Da Acciano a Beffi ripercorrevamo una delle tratte più belle
del Cammino di Celestino. L’immaginazione correva indietro nel
tempo al 1294,
quando il medesimo tragitto veniva percorso da Pietro da Morrone, futuro papa,
alla volta dell’Aquila. Il letto del fiume
Aterno lasciava correre l’acqua che
in sé aveva la memoria del tempo, quell’acqua che si era più volte rimescolata
nel mondo e che
ora mi piaceva pensarla come testimone di ogni conoscenza.
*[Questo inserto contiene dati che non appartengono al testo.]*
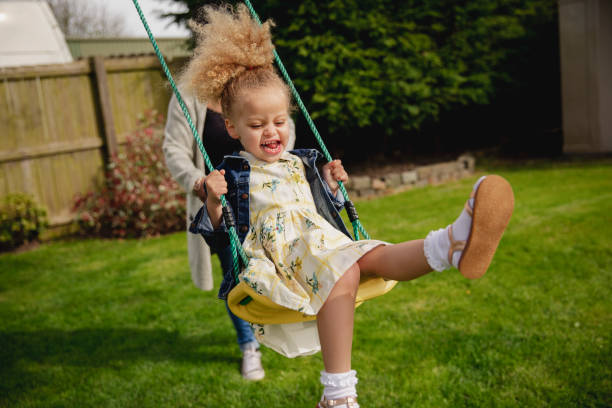 niña primavera divirtiendo - child swing swinging spring fotografías e imágenes de stock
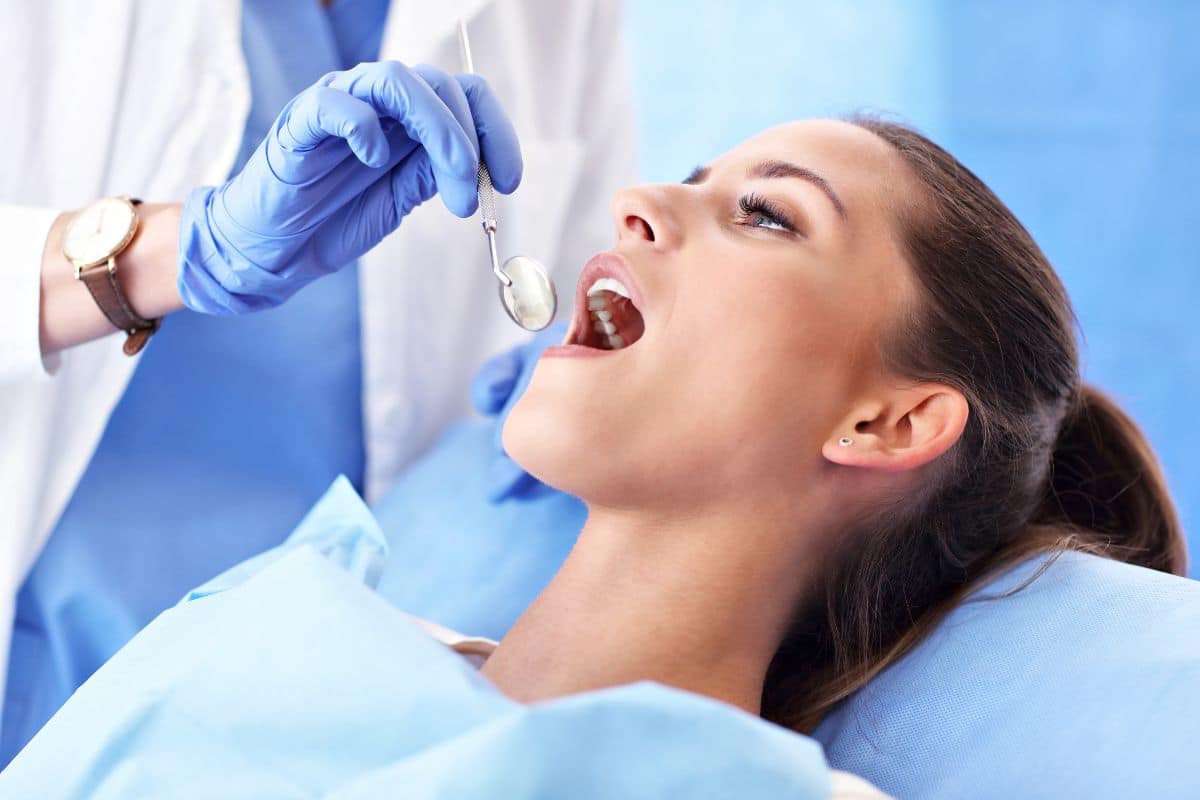 Dentist holding small mirror into patients mouth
I
ruderi di un antico mulino erano a ridosso del fiume, con alte pareti in
pietra
e tetti sfondati, porte divelte e fermate dagli accumuli di terra,
probabilmente ancora in funzione nel secolo scorso, ma che
adesso si rivestiva soltanto
di edere ed accoglieva gli arbusti. Poco distante ritrovavo la chiesa di Santa
Maria Silvana, visitata più
volte in passato col riscontro di un lento degrado
che anno dopo anno procedeva comunque inesorabilmente. Ma la bellezza della
natura aveva la voce più forte che passava sopra ogni cosa, sulla superficie dell’acqua,
tra gli alberi e i vigneti incolti, sopra

ogni pietra ossidata, sopra il
piccolo e famosissimo ponte romano. L’acqua correva similmente ai pensieri, che
nonostante

volessero contenere tutto, si abbandonavano al fluire del tempo.